Men who have been in relationships with manipulative partners, what have your experiences been?

What constitutes being manipulative?

Think about inspiring and influences others compared to manipulating them. What does it mean to be a good source of motivation by simply being present?

Manipulation by definition is to coerce an unwilling person into doing something they disagree with. The act of this coercion includes everything from subversive, underhanded, deceptive, passive-aggressive or in-direct, to abusive tactics. There are many unhealthy undertones thrown in that definition for good reason, so please try to use those when considering whether or not you feel... bad... after somebody is trying to get you to do something.

How did I manage the relationship?

I tried to keep the peace.

She was frequently agitated. When I knew she was riled up, and all I could think about was keeping the calm for both our sakes. During these moments she would humiliate me publicly while complete and total strangers would laugh and actually cheer her on.

How did you work things out, or if it ended, what made you finally leave?

Things were most dangerous immediately after an encounter with her.
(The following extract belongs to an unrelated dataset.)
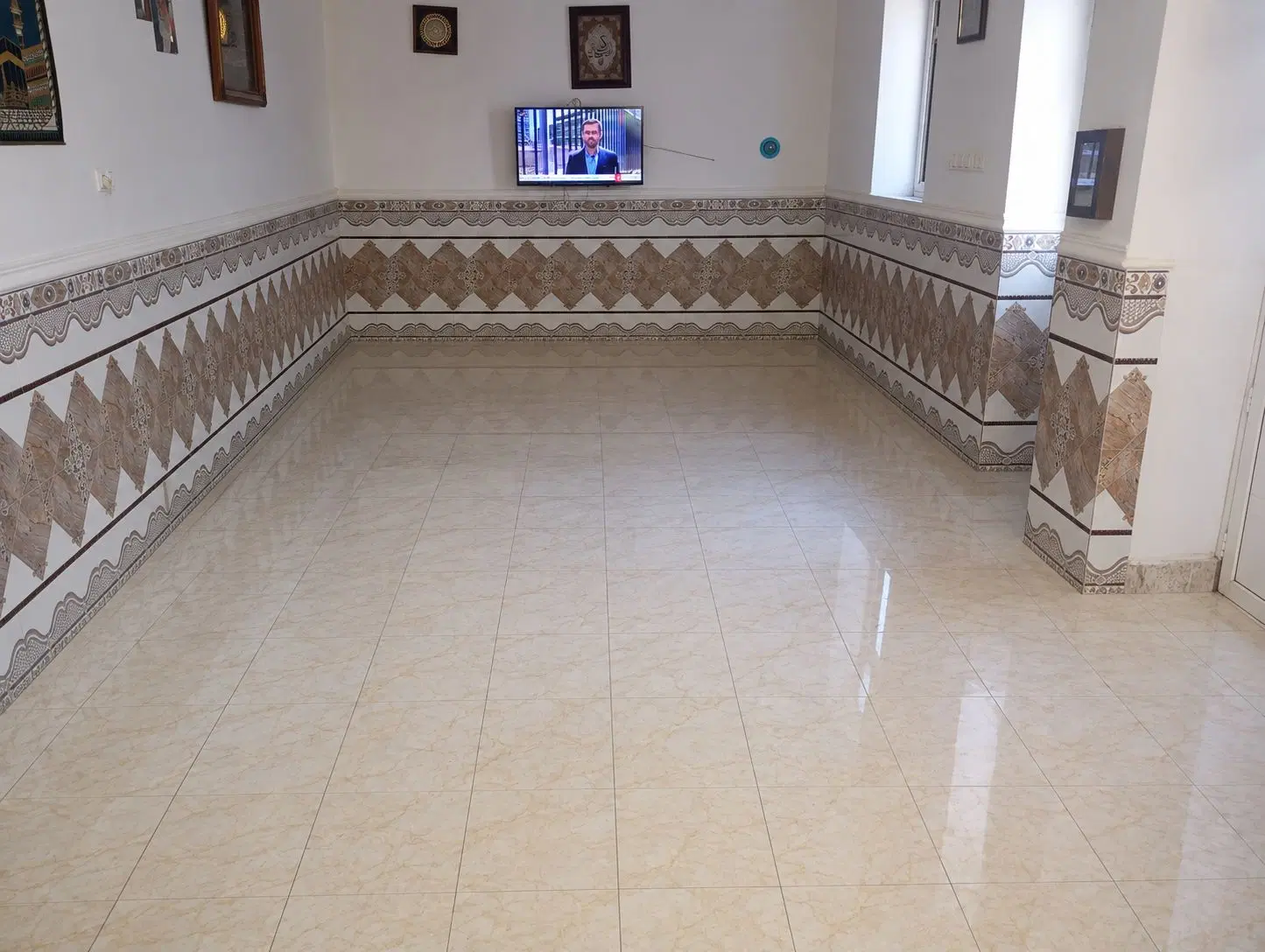 باسلام خدمت دوستان اجاره خانه ویلایی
Then things became even more confusing when she calmed down. My Ex would become flattering; more than just being nice, her support helped me feel better when I was still picking myself up from the last encounter.
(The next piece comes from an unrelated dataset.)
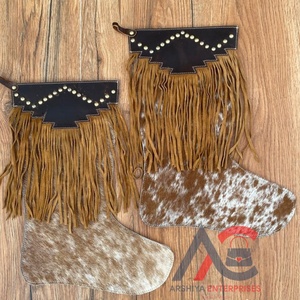 Meilleure vente en cuir véritable marron Cowboy arbre de Noël bas marron avec fourrure 16 "grand cuir de vachette bas personnalisés - Product Image 1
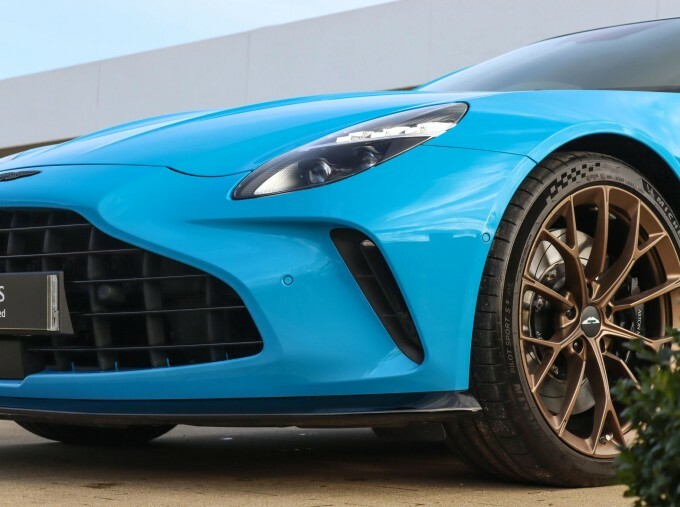 Aston Martin Vantage Zf 8 Speed Black #9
At the same time she dropped hints about how it's my fault, and more importantly they drop hints about the dire consequences of breaking things off with her, of asking others for help, or of pushing her away. She would lie about me to facebook, family, whoever she could. She turned acquaintances - even friends - against me, and did anything possible to make my life without her support hell. She would beat me, block doorways so she could scream at me, emotionally scar me - using her intimate knowledge of my weaknesses, my past, and my dreams or goals against me. She destroyed: my things, my relationships, my physical health, my emotional health, my future. All I could think of was leaving her some space, desperately searching for a way to calm things down, or at least slow down the incidents. After time it made sense to me. I decided that right at those moments, right after an encounter, would be the worst time to sever ties and move on. I felt like garbage, I knew the repercussions, and she was in a very unpredictable state. It makes sense to at the very least wait until the she calms down, and avoid upsetting her or pushing her buttons. She made it clear, in no uncertain terms, that if I left her, continued speaking with certain friends, or did not give her enough attention that she would kill herself and make sure I understood it was all my fault. Just like that our relationship became that of a hostage situation and forced upon the role of a hostage-taker. I knew that if I contacted the police that she would harm or possibly kill herself, or more likely that I would go to jail myself. So I tried to navigate the situation to the best of my ability and thankfully all parties survived in the end. I would finally contact the police after being accosted while recovering from a serious surgery, under the belief that since I was physically incapable of inflicting harm on anyone, that the police would handle the situation without ruining my future.

What made me leave was the very first act of belittlement. But I did not have the opportunity to leave until much later.